The Shares are offered by 360 Sports on a "best efforts" basis. No individual, firm or corporation has agreed in advance to purchase any of the offered Shares. No assurance can be given by the Company that any or all of the Shares shall be sold.
360 Sports has never declared or paid cash dividends on its Common Stock and does not plan to pay any cash dividends with respect to its Common Stock in the foreseeable future. The Company currently intends to retain future earnings, if any, to finance the expansion of the 360 Sports' operations. As a result, the Company does not anticipate paying any cash dividends in the foreseeable future.
The 360 Sports' Board shall determine dividend policy in the future based upon, but not limited to the Company's results of operations, financial condition, contractual restrictions and other factors deemed relevant at the time. The Company intends to retain appropriate levels of its earnings, if any, to support the Company's business activities.
360 Sports intends to use the net proceeds of this offering to fund ongoing working capital needs. Management shall have broad discretion to determine how such proceeds shall be used.

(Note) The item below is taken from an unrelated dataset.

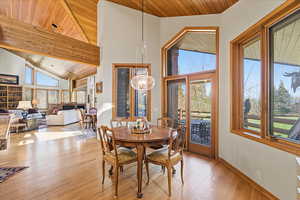Dining room with wooden ceiling, high vaulted ceiling, and light wood-style flooring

Our Security Holders May Face Significant Restrictions on the Resale of Our Securities Due to State "blue sky" Laws. Each state has its own securities laws, often called "blue sky" laws, which (1) limit sales of securities to a state's residents unless the securities are registered in that state or qualify for an exemption from registration and (2) govern the reporting requirements for broker-dealers and stock brokers doing business directly or indirectly in the state. Before a security is sold in a state, there must be a registration in place to cover the transaction, or it must be exempt from registration. Also, the broker must be registered in that state. We do not know whether our securities will be registered, or exempt, under the laws of any states. A determination regarding registration will be made by the broker-dealers, if any, who agree to serve as the market-makers for our securities. There may be significant state blue sky law restrictions on the ability of investors to sell, and on purchasers to buy, our securities. Investors should consider the resale market for our securities to be limited. Security holders may be unable to resell their securities, or they may be unable to resell them without the significant expense of state registration or qualification.

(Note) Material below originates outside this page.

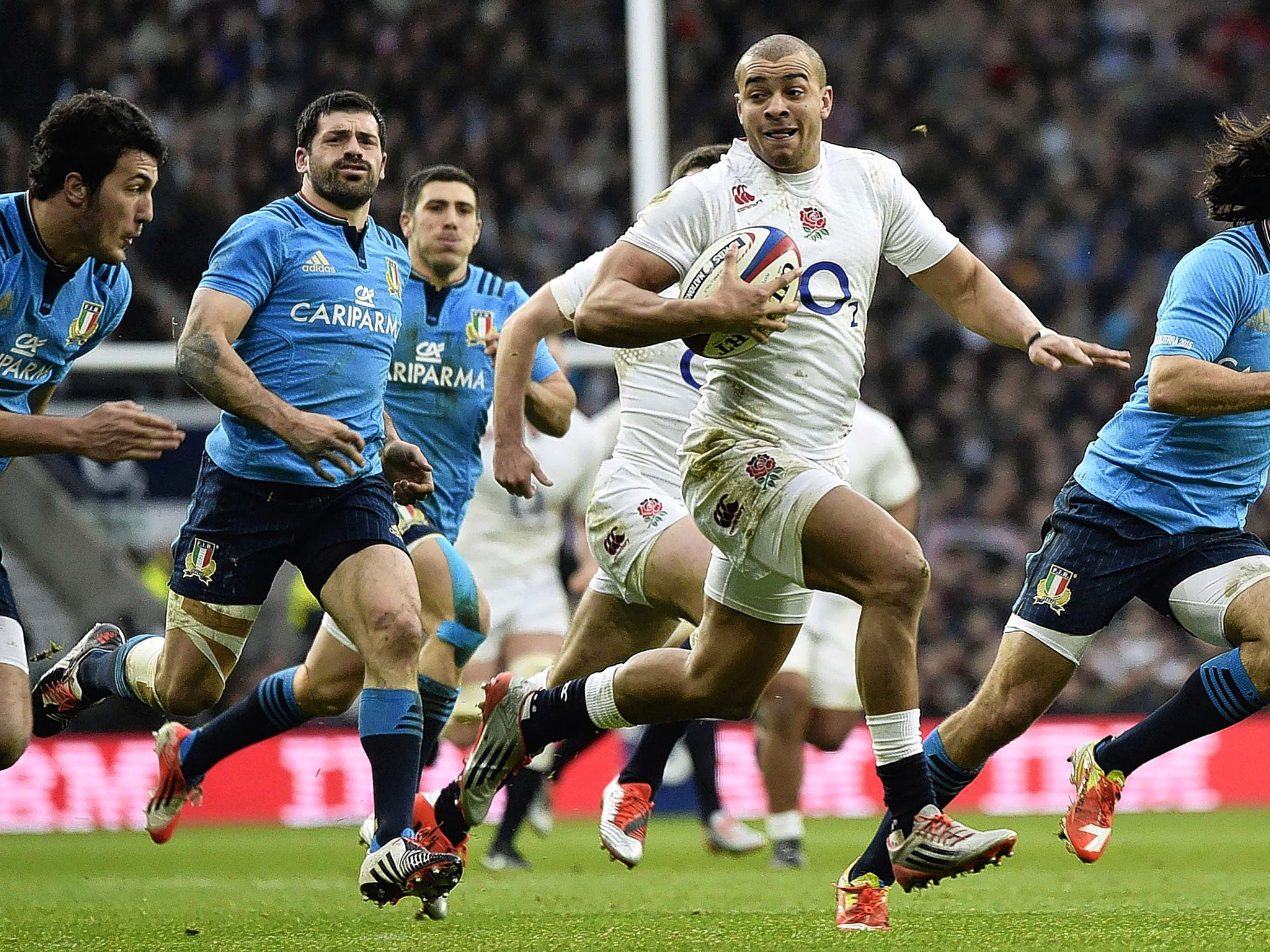 Jonathan Joseph breaks through the Italian defence to score the first of his two tries for England on Saturday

Dilution means a reduction in value, control or earnings of the shares the investor owns.
360 Sports has awarded shares to its founders and early employees in exchange for "sweat equity", expenses or consulting services. When the Company seeks cash investments from outside investors, like you, the new investors typically pay a much larger sum for their shares than the founders or earlier investors, which means that the cash value of your stake is diluted because each share of the same type is worth the same amount, and you paid more for your shares than earlier investors did for theirs.
Another important way of looking at dilution is that dilution can happen due to future actions by 360 Sports. Meaning, an investor's stake in a Company could be diluted due to the Company issuing additional shares, whether as part of a capital-raising event, or issued as compensation to the Company's members, employees, or marketing partners. As a result, when a Company issues more shares, the percentage of the Company that you own will go down, even though the value of the Company may go up. This means you will own a smaller piece of a larger Company.

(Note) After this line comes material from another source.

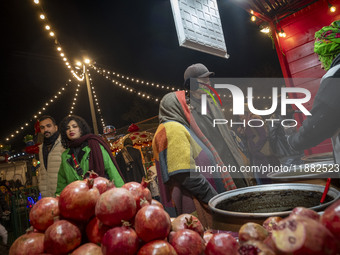 An Iranian elderly couple shops for pomegranate molasses from a saleswoman while visiting a pomegranate festival on Yalda Night Eve in the A...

This increase in number of shares outstanding could result from a stock offering in any form. If 360 Sports decides to issue more shares, an investor could experience value dilution, with each share being worth less than before, and control dilution, with the total percentage an investor owns being less than before. There may also be earnings dilution, with a reduction in the amount earned per share which typically occurs when Company offers dividends.
If you are making an investment expecting to own a certain percentage of the Company or expecting each share to hold a certain amount of value, it's important to realize how the value of those shares can decrease by actions taken by the Company. Dilution can make drastic changes to the value of each share, ownership percentage, voting control, and earnings per share.
360 Sports intends to market the shares in this offering both through Online and off line means. /nline marketing may take the form of contacting potential investors through social media and posting the Company's Offering Circular on an Online investment platform.
Although there are no current plans to do so, the Company may engage a broker-dealer to perform certain services such as processing and accounting for investor funds and performing anti-money laundering checks on investors.
The Company is open to offering its securities in all states.
No securities are being sold for the account of security holders; all net proceeds of this offering will go to the Company.
In the event that it takes some time for the Company to raise funds in this offering, the Company will rely on income from sales of products and services as mentioned in Part II Item 7. It has only a limited amount of cash on hand.
360 Sports' principle purposes for the net proceeds from the securities offered are intended to be used for achieving our mission which is to be the global leader in comprehensive athlete development in accordance with our business plan as described in the Description of Business Section Part II Item 7.
1. We have allocated a substantial portion of the proceeds for the specific purposes described in the Table below, Use of Proceeds Summary. 360 Sports allocated 10% of investment capital as a reserve for acquisitions; however, there are no current agreements to acquire any assets at this time.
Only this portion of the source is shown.